Perda de controlo na edição
Há um risco que vai para além dos resultados inconsistentes. A facilidade de utilização destes sistemas mascara uma cedência real do controlo técnico sobre o processo.
Ao contrário do software tradicional, em que cada ajuste é controlado pelo utilizador, a inteligência artificial generativa tem tendência a fazer alterações não solicitadas.
- O Luminar Neo modificou a saturação das cores sem que tal fosse pedido.
- O Gemini rodou a cabeça de um pombo ao tentar melhorar o enquadramento.
- O Stable Diffusion aplicou alterações ao casaco de uma pessoa, quando a instrução era de atuar apenas sobre a camisa.
Na prática, a imagem deixa de ser uma edição controlada para passar a ser uma versão reinterpretada pela inteligência artificial.
Para fotografia profissional, editorial ou documental, este comportamento é inaceitável.
Voltar ao topoQuando usar e evitar
Os testes da DECO PROteste mostram que a inteligência artificial pode ser muito útil em certos contextos, mas que deve ser evitada noutros.
Quando faz sentido
- Remover elementos indesejados.
- Alterar a cor de objetos específicos.
- Substituir elementos numa imagem.
- Criar versões estilizadas ou artísticas.
- Ajustar expressões faciais.
- Recortes simples.
Quando evitar
- Correção de horizonte e perspetiva.
- Rotação de fotografias.
- Redução de ruído.
- Equilíbrio rigoroso de brancos.
- Aumento da resolução das imagens (upscaling).
- Edição editorial ou documental.
Vantagens e inconvenientes da edição com IA
Prós
- Simplicidade: não exige conhecimentos técnicos. Basta descrever o que se quer em linguagem comum.
- Acesso a tarefas complexas: manipulações complexas, como a remoção de objetos ou transformações criativas, que exigiam competências avançadas, passam a estar ao alcance de qualquer utilizador.
- Rapidez: operações que demorariam horas num software tradicional ficam resolvidas em segundos ou poucos minutos.
Contras
- Perda de controlo técnico: o sistema pode fazer alterações que não foram solicitadas, comprometendo a integridade da imagem original.
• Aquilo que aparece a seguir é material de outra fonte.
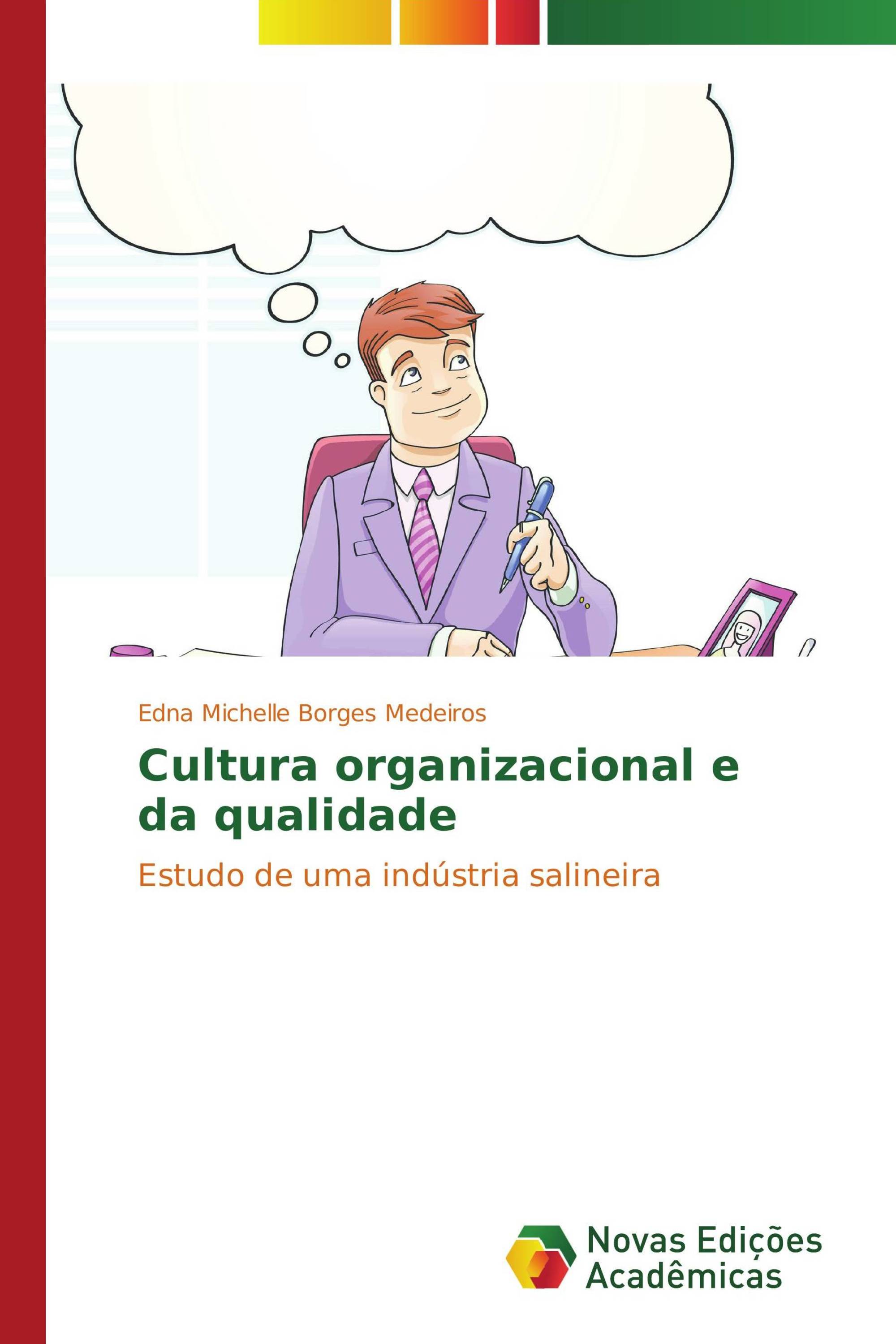 Cultura organizacional e da qualidade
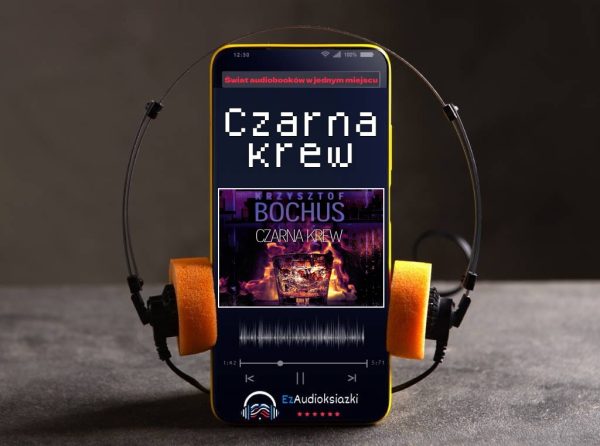 Czarna krew-audiobook_Krzysztof Bochus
- Resultados imprevisíveis: as respostas resultam de interpretações probabilísticas, não de ajustes matemáticos. O mesmo pedido pode levar a resultados diferentes entre interações.
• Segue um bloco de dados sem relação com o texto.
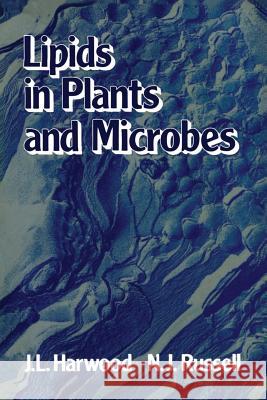 Lipids in Plants and Microbes John L. Harwood J. Harwood 9780045740222 Allen & Unwin Australia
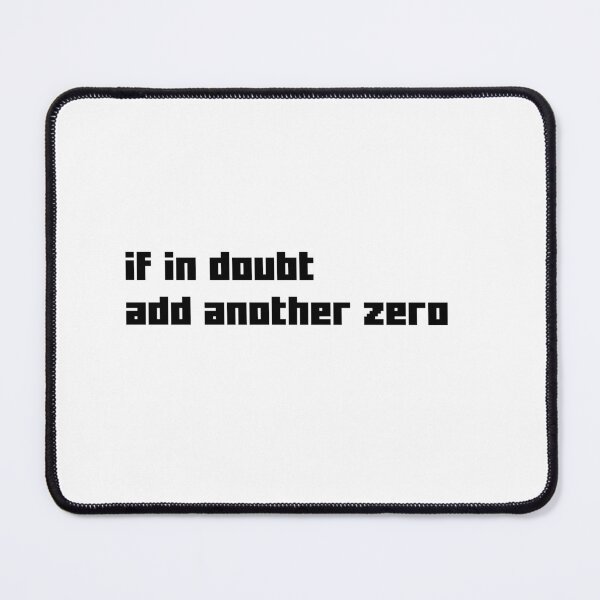 Item preview, If In Doubt Add Another Zero Corporate Slogan designed and sold by Noise & Vapors.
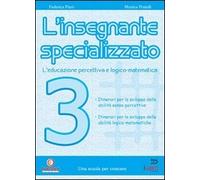L'insegnante specializzato. L'educazione percettiva e logico-matematica. Orientamenti per l'integrazione (Vol. 3)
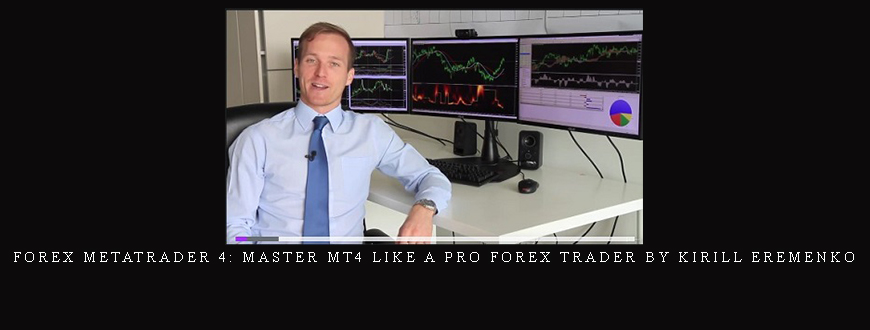 Forex MetaTrader 4: Master MT4 Like A Pro Forex Trader by Kirill Eremenko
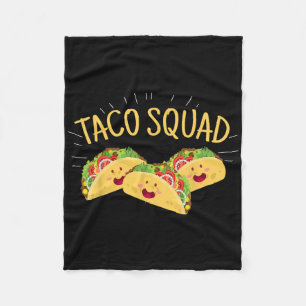 Funny Taco Squad Cute Mexican Food Lover Tee Gift Fleece Blanket
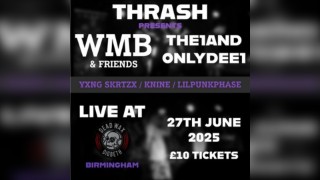 Thrash Event - WMB & The1AndOnlyDee1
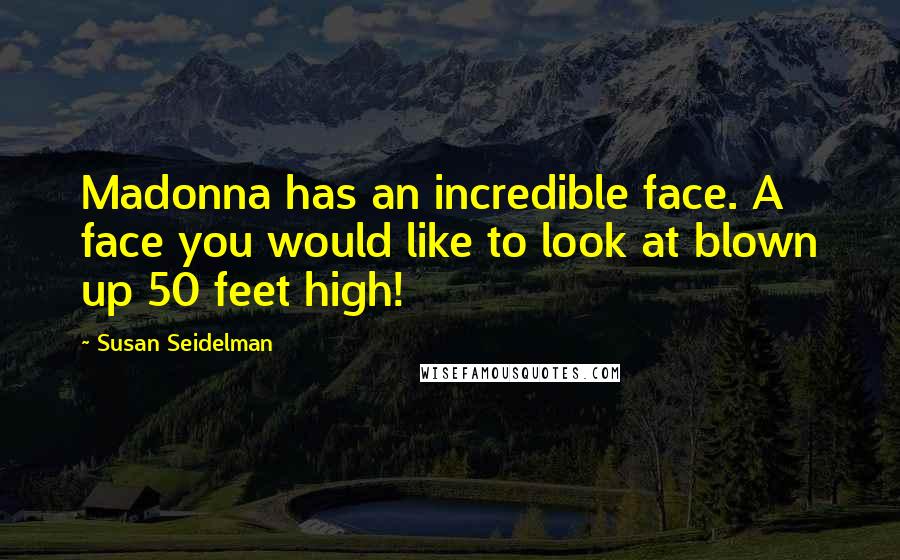 Susan Seidelman Quotes: Madonna has an incredible face. A face you would like to look at blown up 50 feet high!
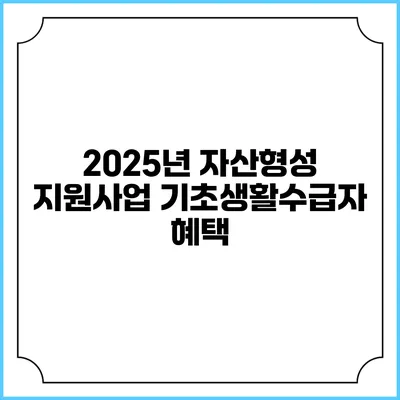 2025년 자산형성 지원사업 기초생활수급자 혜택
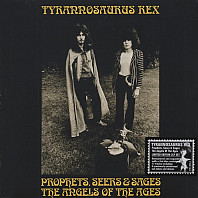 Tyrannosaurus Rex - Prophets, Seers & Sages The Angels Of The Ages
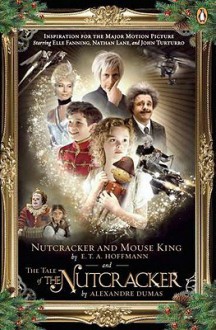 Nutcracker and Mouse King and The Tale of the Nutcracker - Joachim Neugroschel, E.T.A. Hoffmann, Alexandre Dumas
- Falta de rigor em edição técnica: para fotojornalismo, fotografia editorial ou qualquer contexto em que a fidelidade ao original seja essencial, não é uma alternativa viável.
- Funcionalidades avançadas pagas: as capacidades mais completas estão frequentemente reservadas a subscrições pagas.
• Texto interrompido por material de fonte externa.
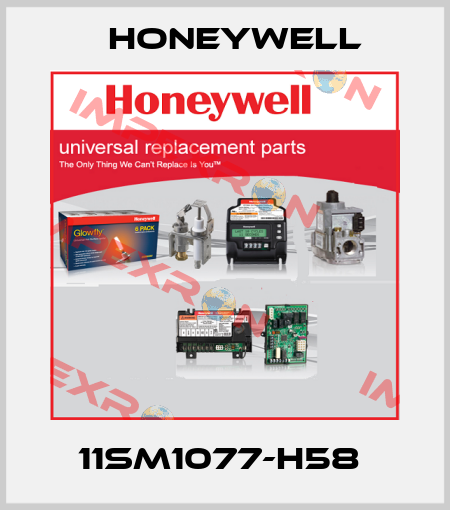 11SM1077-H58  Honeywell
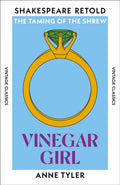 Vinegar Girl : The Taming of the Shrew, Retold (ISBN: 9781784878870)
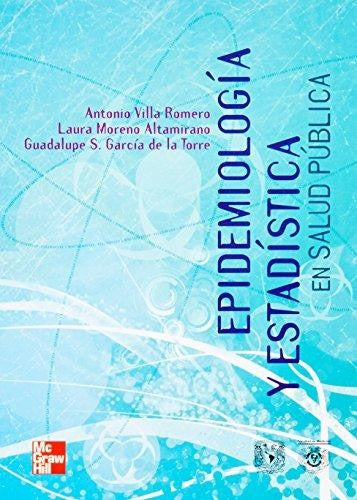 Epidemiologia Y Estadistica En Salud Publica [Paperback] Moreno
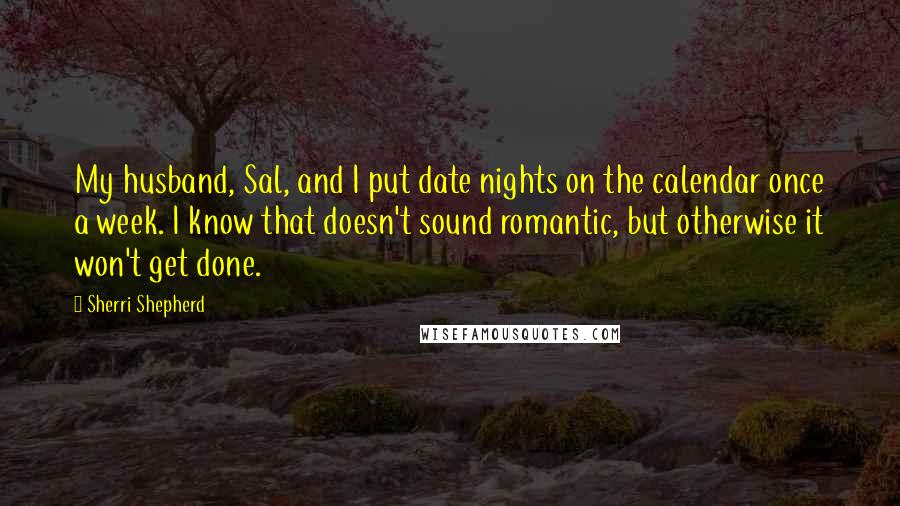 Sherri Shepherd Quotes: My husband, Sal, and I put date nights on the calendar once a week. I know that doesn't sound romantic, but otherwise it won't get done.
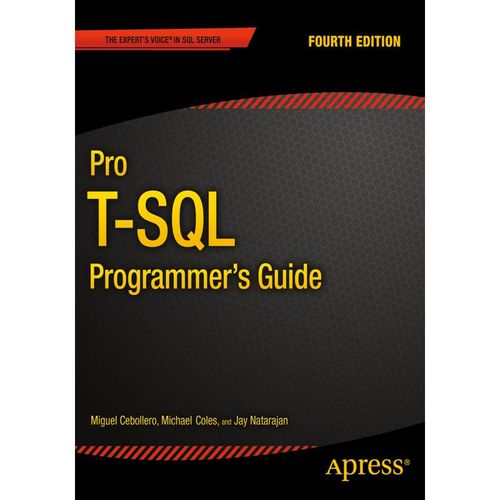 Pro T-SQL Programmer's Guide - Jay Natarajan, Rudi Bruchez, Michael Coles, Scott Shaw, Miguel Cebollero, Kartoniert (TB)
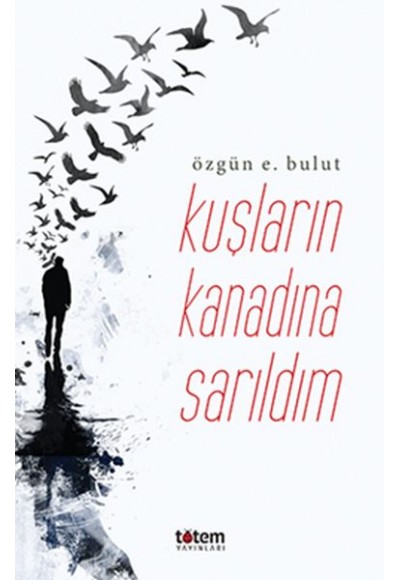 Kuşların Kanadına Sarılsam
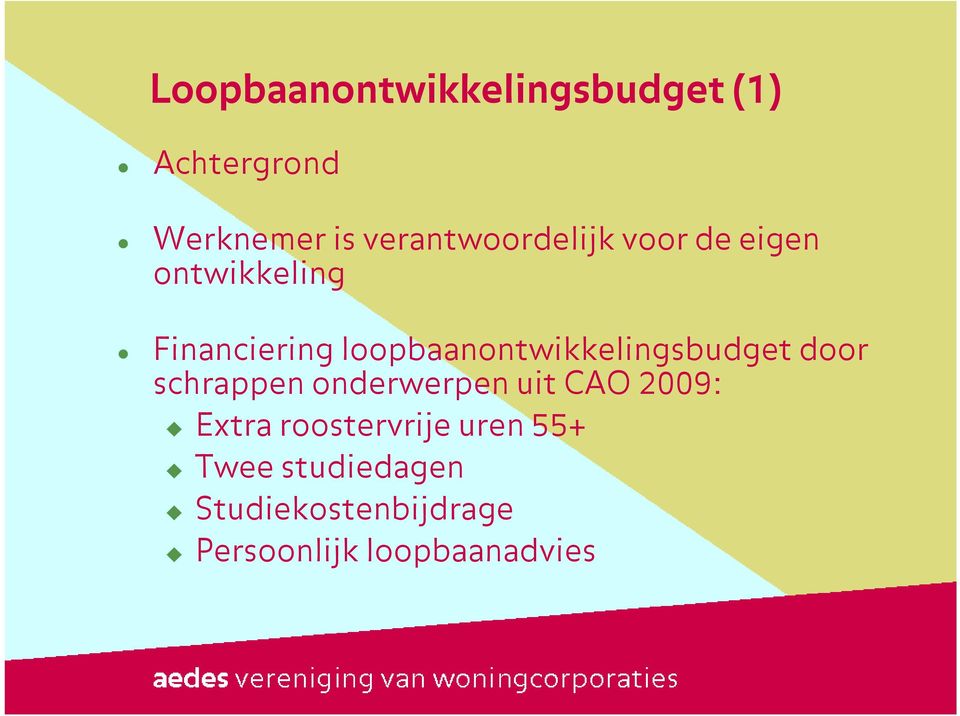 loopbaanontwikkelingsbudget door schrappen onderwerpen uit CAO 2009:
Um complemento às ferramentas clássicas
A edição de fotografia com inteligência artificial generativa já é útil em vários cenários, mas continua longe de substituir as soluções tradicionais.
Para o utilizador casual que quer remover um elemento indesejado de uma fotografia de férias, ou mudar a cor de um objeto, estas ferramentas são uma opção válida e surpreendentemente eficaz.
Mas, quando o objetivo é obter resultados técnicos rigorosos, ferramentas como o Adobe Lightroom ou o Adobe Photoshop mantêm clara vantagem. Apesar de o software integrar inteligência artificial, esta é aplicada de forma controlada e específica, garantindo previsibilidade e precisão.
O que dizem os resultados dos testes da DECO PROteste?
- O ChatGPT destacou-se pela consistência nas tarefas de manipulação, como remoção e substituição de objetos, alterações de cor ou transformações criativas.
- O Google Gemini apresentou resultados muito próximos, superando pontualmente o ChatGPT em áreas como expressões faciais ou conversão para estilos ilustrados.
- Já o Stable Diffusion, apesar da flexibilidade, ficou consistentemente aquém dos dois sistemas conversacionais, falhando na manipulação facial e na substituição de elementos.
Nas tarefas clássicas de edição, o software dedicado continua a apresentar melhores resultados. Mas, se a evolução continuar ao ritmo atual, este cenário poderá mudar. Para já, a melhor abordagem passa por combinar os dois mundos, tirando partido do que cada um faz melhor.